By automating key parts of the design process, Tattvam AI aims to make custom silicon accessible to more companies, reduce development costs, and enable rapid iteration on chip designs – bringing what currently takes 2-3 years down to weeks.
Bragadeesh is an alumnus of IIT Madras, consistently ranked as India’s 1 engineering institution and alma mater of notable tech leaders including Perplexity CEO Aravind Srinivas. He developed an early passion for mathematics through competitive Olympiads before entering the AI and hardware space.
He was an early engineer at UK based brain-monitoring startup CoMind, which recently raised $100 million, and later became one of the earliest engineers at UK-based chip startup Fractile. Turning down an offer to join Google’s TPU team, Bragadeesh chose instead to build Tattvam AI and pursue his vision independently.

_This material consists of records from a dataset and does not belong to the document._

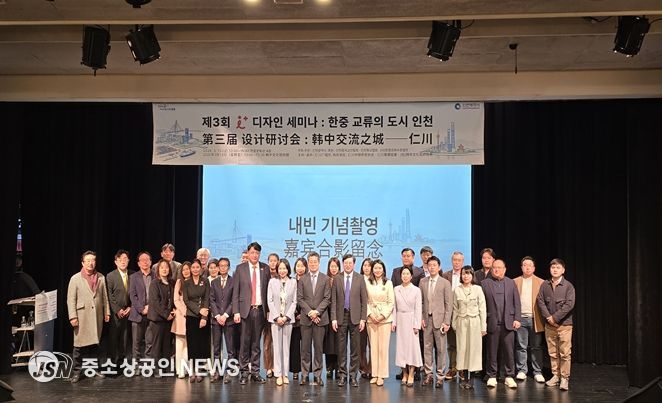 인천시, 한·중 교류의 미래를 논하다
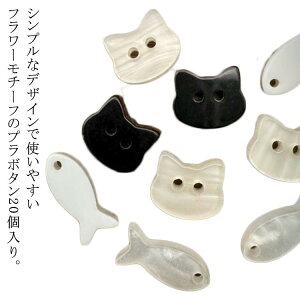 vX`bN pp\ q  | p[c {^ Ntg f 쐻  ޗ LbY w ANZT[p[c ̎q 10mm AW CN m  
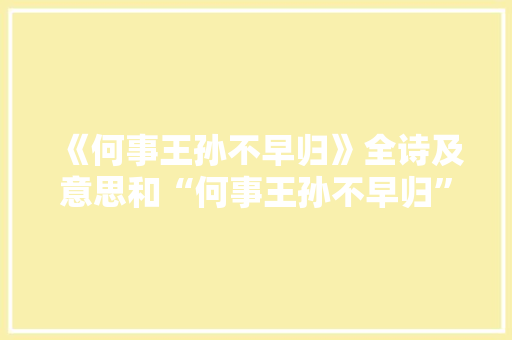 《何事王孙不早归》全诗及意思和“何事王孙不早归”的拼音注释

“Bragadeesh is one of the most driven, energetic and compelling young founders in today’s chip industry. His conviction that Tattvam AI will dramatically speed-up the complex and iterative process of using EDA tools and models to design chips, cutting timelines from years to weeks, is sure to be embraced by the world’s top teams” says Stan Boland, former founder/CEO at Icera (bought by NVIDIA) and Element 14 (bought by Broadcom).
Bragadeesh founded Tattvam AI with Lannan Jiang, who has been developing chips at a research lab at ETH Zurich. Tattvam AI plans to launch its first product in the coming months as it works with partners to accelerate the development of next-generation chips.